Illinois' supreme court overturns state's 2013 pension reform law

NEW YORK/CHICAGO (Reuters) - The Illinois Supreme Court on Friday voided the state’s 2013 pension reform law, in a ruling hailed as a win for retired state workers and public employees, but one that also raises the prospect the state’s dire finances will deteriorate further.

Illinois has the worst-funded pension system and the lowest credit ratings of all 50 states and has contended that pension costs are making it difficult to fund services such as healthcare and public safety.

The 2013 law was aimed at easing a $105 billion unfunded pension liability and the state’s annual pension contributions.

“Crisis is not an excuse to abandon the rule of law,” the supreme court said in its ruling. “It is a summons to defend it.”

The court said that while Illinois faced significant financial challenges, it had an obligation to ensure the state constitution, which protects public worker pensions, was followed.

The state had contended the legislature was entitled to invoke police powers, in which a state has authority to make changes for the good of its citizens, to solve a fiscal emergency. However, the court called the state’s “police powers” defense “fatally flawed.”

The ruling was a victory for unions who had fought to protect pensions.

“We are thankful that the Supreme Court has unanimously upheld the will of the people, overturned this unfair and unconstitutional law, and protected the hard-earned life savings of teachers, police, fire fighters, nurses, caregivers and other public service workers and retirees,” said Michael T. Carrigan, president of Illinois AFL on behalf of the We Are One Illinois union coalition.

Some Illinois state bonds fell following the ruling, with general obligation bonds falling to 105.901 cents from 109.983 cents. Chicago bonds maturing in 2021 fell to 96.384 cents, down from 99.300 cents.

“The court’s ruling could be the correct ruling of the law, but it’s not a feasible solution,” said David Tawil, president of Maglan Capital, New York, who does not own Illinois municipal bonds. “Eventually there is going to be a restructuring.”
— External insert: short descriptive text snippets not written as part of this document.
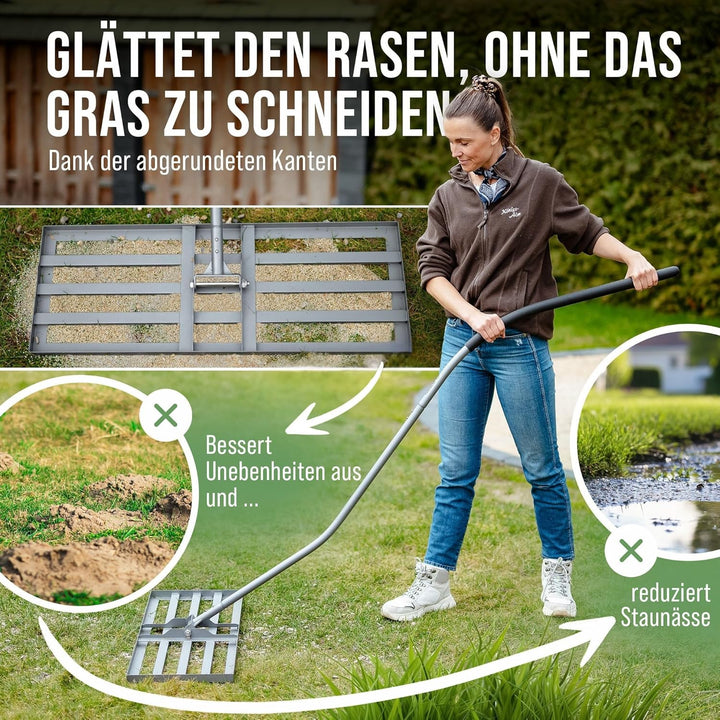 Rasenrakel [Ergonomisch] mit Klicksystem | 80x30cm | für perfekt Ebene Rasenflächen | Rakel für Rase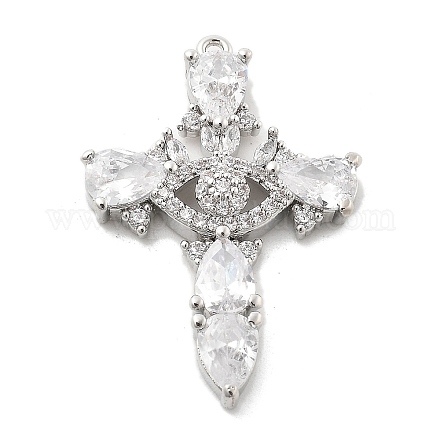 Латунные микропаве прозрачные подвески с фианитом KK-L228-03P-03-1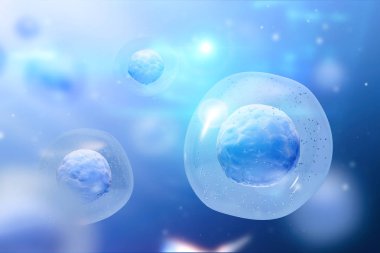 Makro mavi bir hücrenin çekirdeği. Soyut bulanık hücre arka plan. Tıp, bilim, araştırma ve Dna çalışmaları kavramı. 3D render alay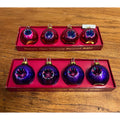 (8) Department 56, Purple Pink Place Card Holders Blown Glass Ball Ornament Set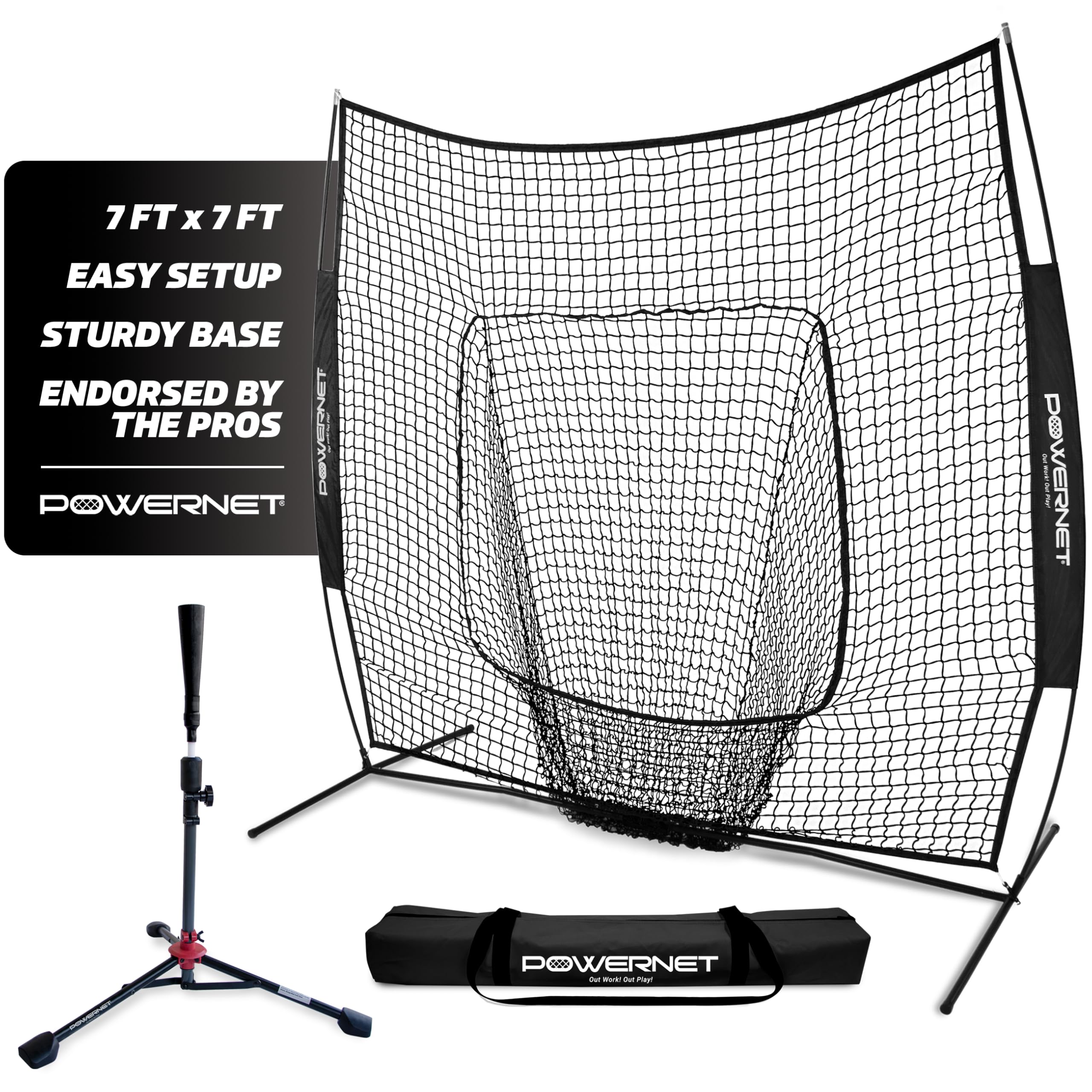 Powernet Baseball Softball Practice Net 7X7 With Travel Tee  Practice Hitting, Pitching, Batting, Fielding  Portable Backstop (B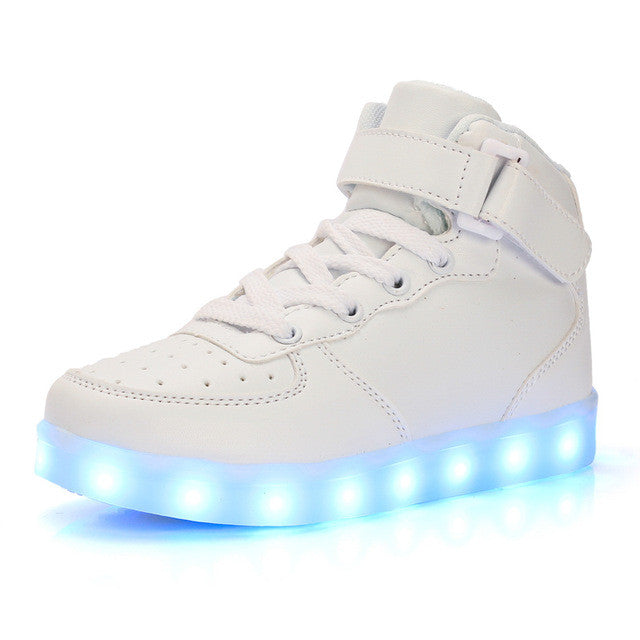 Led luminous sneakers girls boys casual children shoes high glowing with recharge lights up simulation sole for kids neon basket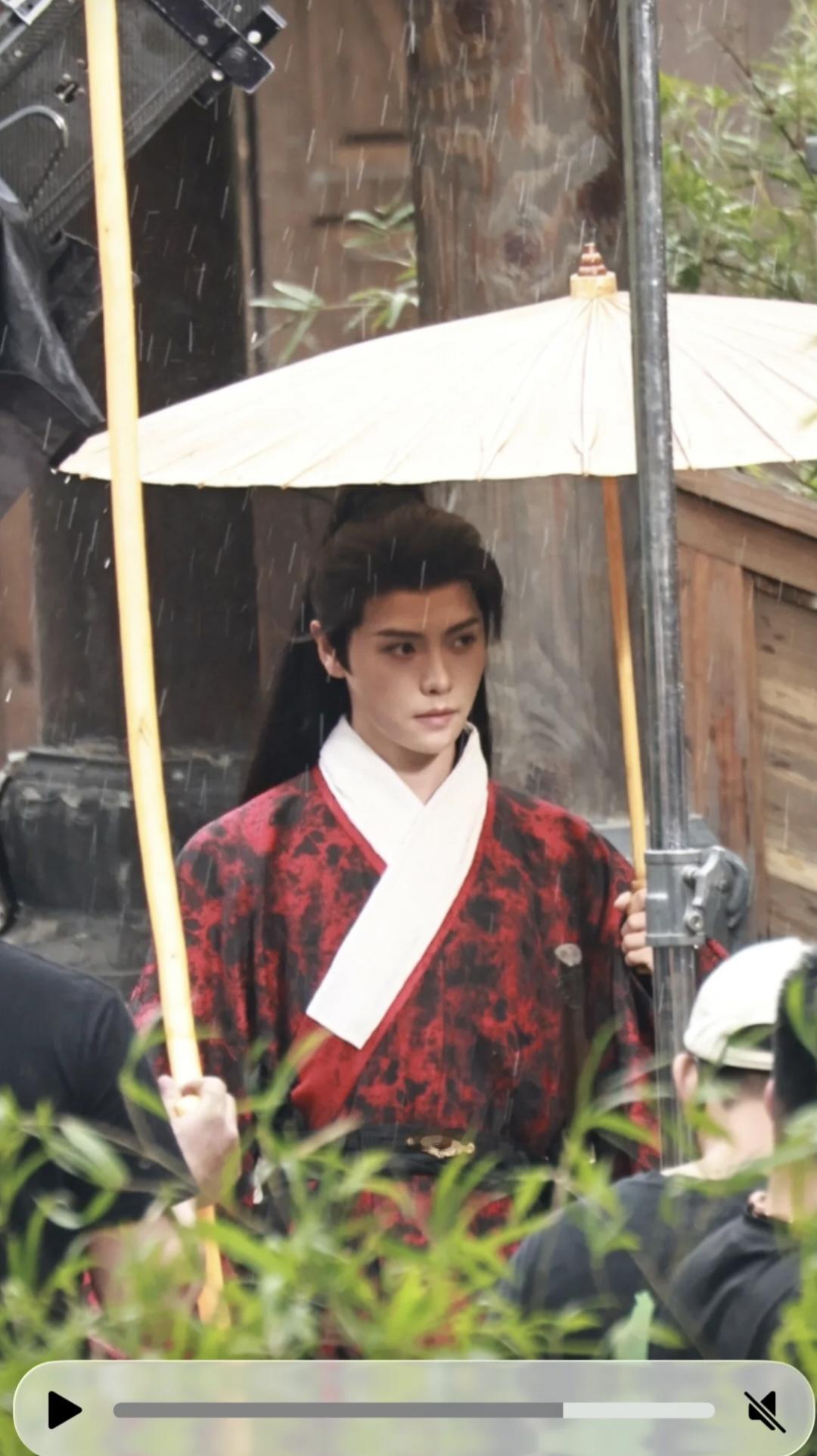 雨中撑伞花六童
Illinois’ reform law, enacted in December 2013, reduced and suspended cost-of-living increases for pensions, raised retirement ages and limited salaries on which pensions are based.

A state legislative commission reported in November that without the 2013 law, pension payments would jump to $7.6 billion in fiscal 2016 from $6.8 billion this year, reaching $16.3 billion in 2045. The unfunded liability would climb as well, topping out at $128.7 billion in 2029.

Governor Bruce Rauner, a critic of the 2013 law, has proposed his own pension reform plan that largely relies on a constitutional amendment that must be approved by voters.

Illinois Policy Institute CEO John Tillman said the ruling suggested that raising taxes would be the way to pay for pensions - which he said was a flawed premise.

“Raising taxes will not fix a broken system,” said Tillman. “The pension system is beyond repair, and there will never be enough money to fund it.”

Tillman said a 2011 temporary tax increase generated more than $31 billion, yet 90 cents out of every $1 collected from the tax increase went to pensions - “still was not enough to make the pension system whole.”

The ruling, which was unanimous according to the court papers, could also have negative ramifications for Chicago which cut pensions under a 2014 law and for attempts by the Chicago Public Schools and Cook County to seek benefit cuts to bolster their own retirement systems and relieve budget-busting pressures.

The ruling underscores the difficulty faced by some other states and local governments to rein in pension costs for current and retired workers.

“There are no winners today,” said Ty Fahner, president of the Civic Committee of The Commercial Club of Chicago. “If there’s any good news, it’s that Chicago and Illinois are resilient, and we’ve responded to great challenges before.”